Records: Begin

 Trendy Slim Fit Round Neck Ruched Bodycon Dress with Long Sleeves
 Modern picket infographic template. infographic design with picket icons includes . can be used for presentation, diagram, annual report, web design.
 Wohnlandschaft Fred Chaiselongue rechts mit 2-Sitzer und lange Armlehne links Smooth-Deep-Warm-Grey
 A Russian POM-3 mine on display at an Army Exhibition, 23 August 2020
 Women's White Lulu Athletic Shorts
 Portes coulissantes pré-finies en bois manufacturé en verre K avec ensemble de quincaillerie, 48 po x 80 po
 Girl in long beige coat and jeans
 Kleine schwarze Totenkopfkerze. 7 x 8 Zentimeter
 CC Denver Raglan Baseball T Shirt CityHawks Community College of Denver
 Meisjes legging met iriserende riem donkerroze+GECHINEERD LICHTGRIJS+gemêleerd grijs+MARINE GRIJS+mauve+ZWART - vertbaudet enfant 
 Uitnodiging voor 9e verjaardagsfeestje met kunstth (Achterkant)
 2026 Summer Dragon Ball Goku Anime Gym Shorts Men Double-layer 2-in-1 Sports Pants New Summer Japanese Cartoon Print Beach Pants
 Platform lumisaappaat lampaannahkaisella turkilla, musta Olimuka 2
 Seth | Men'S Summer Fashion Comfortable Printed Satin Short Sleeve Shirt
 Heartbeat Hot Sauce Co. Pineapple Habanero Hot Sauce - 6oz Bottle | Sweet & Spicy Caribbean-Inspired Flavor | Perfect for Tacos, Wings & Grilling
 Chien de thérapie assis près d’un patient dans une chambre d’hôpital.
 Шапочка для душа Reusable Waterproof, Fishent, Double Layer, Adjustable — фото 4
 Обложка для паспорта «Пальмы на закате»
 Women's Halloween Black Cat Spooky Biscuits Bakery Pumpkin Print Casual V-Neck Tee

Records: End

▶ _Task details_
Could you please copy the lines above exactly, beginning at the first and ending at the line that contains "Women's White Lulu Athletic Shorts"?

▶ _Answer to the exercise_
 Trendy Slim Fit Round Neck Ruched Bodycon Dress with Long Sleeves
 Modern picket infographic template. infographic design with picket icons includes . can be used for presentation, diagram, annual report, web design.
 Wohnlandschaft Fred Chaiselongue rechts mit 2-Sitzer und lange Armlehne links Smooth-Deep-Warm-Grey
 A Russian POM-3 mine on display at an Army Exhibition, 23 August 2020
 Women's White Lulu Athletic Shorts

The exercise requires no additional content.